旅の疲れも出たのか、旦那さまがわたしに託した後はずっと眠っていたのだが、宴に肉の追加が来たときだけ起きた。ううん、あれは起きていたのかしら。
寝ぼけた顔で、わたしの倍の量の羊肉を食べて、ファラウラはまた寝た。
それからは起きてない。
水分は補給したほうがいいと思うのだけど、体を揺らすと不機嫌そうな顔で唸るので、そのまま眠らせている。
「……旦那さま」
「なんだ?」
「あの、わたしが旦那さまを女の子だと思い込んでいたことなのですが」
「いきなり、どうした」
「父に確認したのです。子どものころのことなら父に聞けばわかるかと思って」
「お前の心の中のことが、熊王アルド殿にわかるのか?……どうせ、俺の見かけが男らしくなかったからだろう。護衛として活躍したこともなかったしな」
あらら。わたしが思うよりずっと、旦那さまはこのことで悩んでいたようだ。
武術大会で父さまと会うまで待つのではなく、早くマズナブ王国に向けて手紙を出せば良かった。

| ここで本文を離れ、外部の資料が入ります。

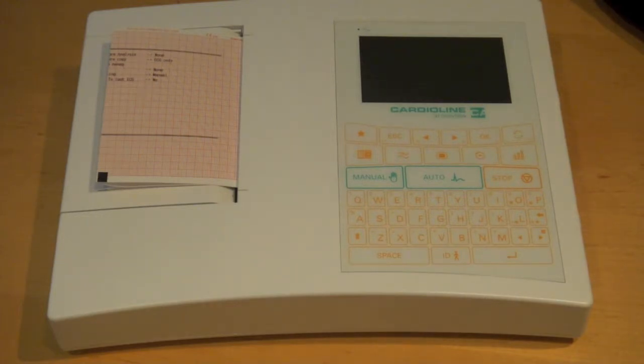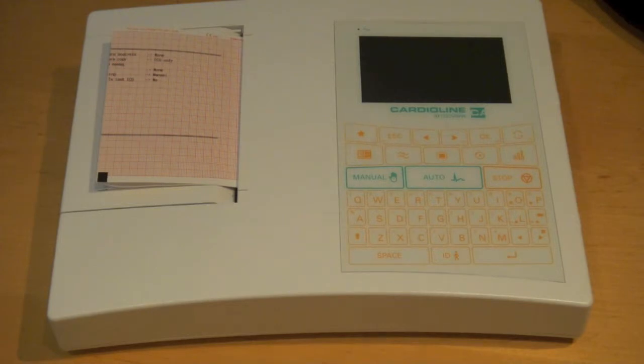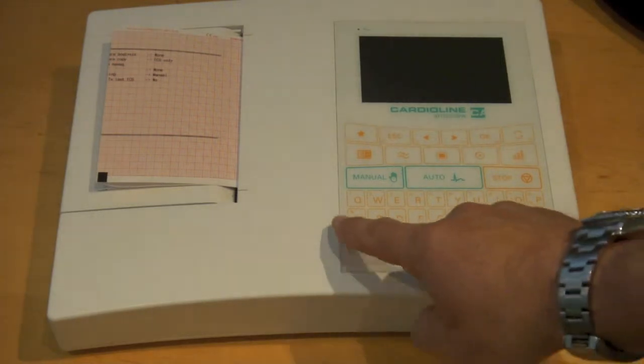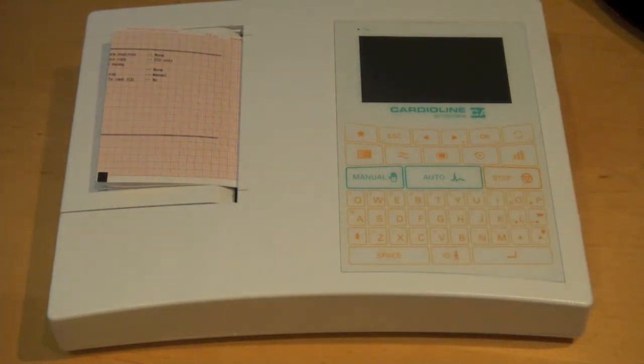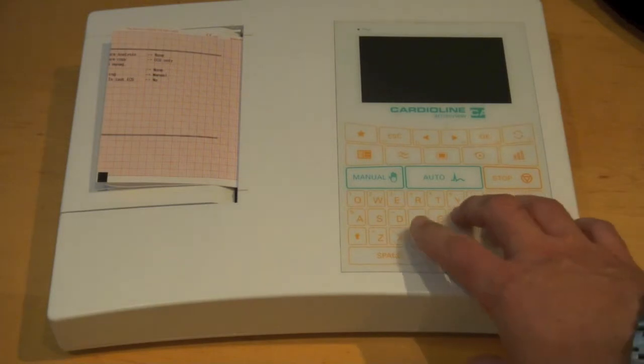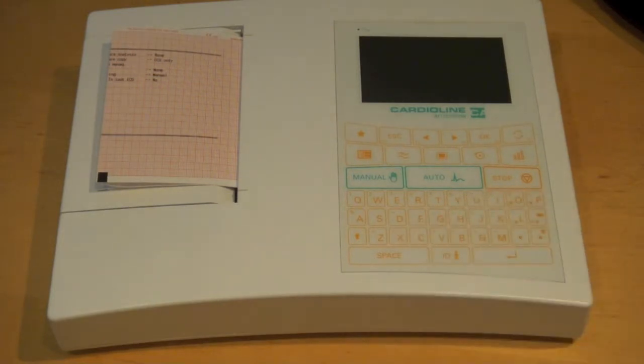The nice thing about the AR-1200 over the little brother, the AR-600, is that this particular unit does include a full QWERTY keyboard, which is useful for entering patient data.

「旦那さまがいなくなった後、わたしはすごく寂しがったそうなんです」
「そうか。……お前と離されて、俺も寂しかったぞ」
「……旦那さまがどこへ行ったのか、わたしは何度も何度も父に聞きました。父はわたしを怒ったそうです。ここにいたことを知られたら、あなたに危険が及ぶ、と」
旦那さまは怪訝そうな表情になった。
「なぜ……いや、そうか。熊王殿やお前の名前でなにかを渡されたら、ガキだった俺はなにも考えずに受け取っていたかもしれない。たとえ毒の入ったお菓子でも」
わたしは頷く。
それはマズナブ王国にとっても危険なことだ。
わたしや父さまの名前で贈られたものが皇太子の命を奪ったとしたら、利用されただけだと判明したとしても、ファダー帝国との友好は瓦解するだろう。

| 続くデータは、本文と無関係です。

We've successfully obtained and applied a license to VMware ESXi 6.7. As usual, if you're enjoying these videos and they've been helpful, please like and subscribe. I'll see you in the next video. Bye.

皇帝陛下は父さまを信頼して、秘密裏に旦那さまを預けてくれたのだから。
皇太子という旦那さまの立場が確立するまでは、偽装に騙されないほど深く付き合うこともできなかった。父さまの傀儡だと思われでもしたら、ほかの貴族のいらない反感を買うことになる。

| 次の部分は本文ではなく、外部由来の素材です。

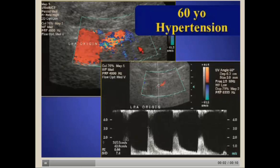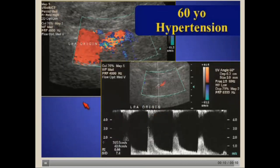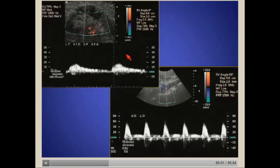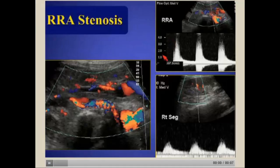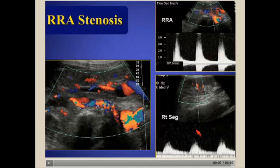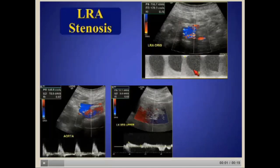A few more examples. Here's a 60-year-old with hypertension showing aliasing at the site of stenosis, elevated velocities on spectral waveform, and a very slow rise to peak systole in the hilum. Here's an example of bilateral stenosis: on the right, appreciate the aliasing in the vessel, high velocities, and tardus-parvus waveform; on the left, high velocities in the stenosis and a tardus-parvus waveform. Comparing both sides clearly shows the right side has a good upstroke with early systolic compliance peak, while the left side does not — a rounded tardus waveform.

「わたし、イヤでした。あなたが苦しい思いをしたり傷ついたり……死んだりするのは。でもあなたのことが大好きだったから、考えずにはいられなかった。それで、うっかり口に出てもあなたのこととは気づかれないよう、女の子だと思い込んだんです」
大好きな大好きなお友達。
銀の髪に褐色の肌、青玉色の瞳。
一緒に本を読み、わたしの作ったフムスを美味しいと笑ってくれた。旦那さまは護衛として活躍したことがないと言ったけれど、側にいてくれるだけで安心できた。
世界で一番大好きな──女の子、と。
父さまと話して、はっきりと思い出せた。
「……旦那さま、十年前のこと覚えてらっしゃいます?」
「俺はお前と違う。お前にはご両親やファラウラ姫、侍女やマズナブの城のものたち、たくさんの大切な存在がいて、楽しい生活を送っていただろう? もちろん、それでいい。お前が幸せなら、俺も嬉しい。だが、俺は……」
旦那さまは異母兄の皇帝陛下を慕い信頼しているけれど、陛下はお忙しい身だ。
奴隷から皇太子になった旦那さまのことを良く思わないものも多かった。皇太子として与えられた教育を吸収するのも簡単なことではない。
星影や月影、ゼェッブさま、同じ年ごろのお友達もいるとはいえ、そんな状況では楽しく過ごすだけではいられなかっただろう。
「俺にとって一番の幸せは、お前との記憶を思い出すことだった。なにひとつ、忘れたことはない」
「ふふ」
わたしはそっと、隣の旦那さまの肩に頭を預けた。
「……花冠をくださったことも?」
旦那さまの褐色の肌が、ほんのり赤く色づいた。
覚えてくださっているようだ。
父さまの護衛の『ツンデレ』ジュヌードは、意中のライムーン以外には普通の青年、当時は護衛になったばかりの少年だった。ひと言多いところはあったけれど、同時期に護衛になった旦那さまのことも、兄貴ぶって可愛がっていたっけ。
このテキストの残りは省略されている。